___ Input data ___

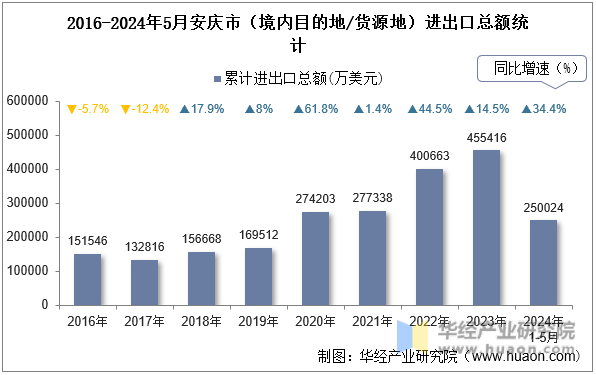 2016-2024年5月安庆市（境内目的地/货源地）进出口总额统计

___
___ Input data ___

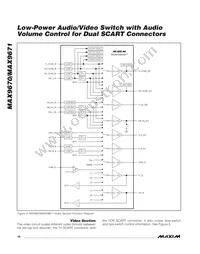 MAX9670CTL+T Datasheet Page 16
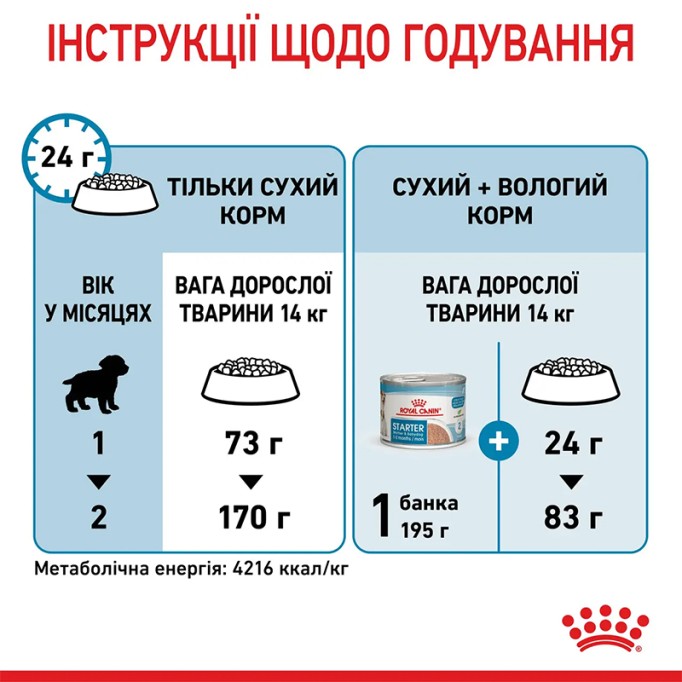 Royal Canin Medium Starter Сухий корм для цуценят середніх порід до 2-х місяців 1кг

___
___ Input data ___

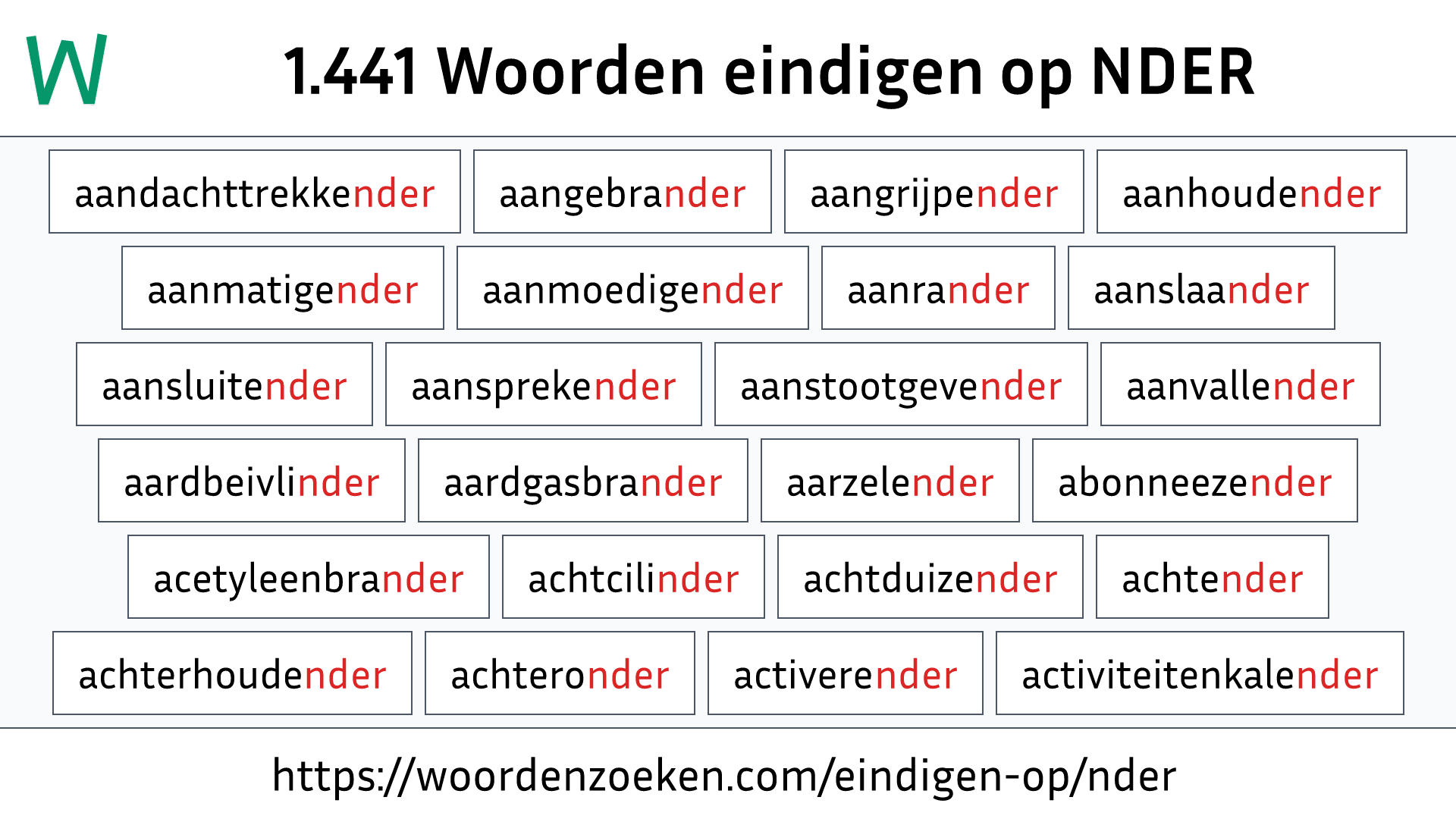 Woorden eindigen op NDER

___

◆ Exercise instructions:
Take only the lines above from the one that has "MAX9670CTL+T Datasheet Page 16" through the one that has "Royal Canin Medium" and reproduce them exactly, omitting any pictures.

◆ Response to the exercise:
 MAX9670CTL+T Datasheet Page 16
 Royal Canin Medium Starter Сухий корм для цуценят середніх порід до 2-х місяців 1кг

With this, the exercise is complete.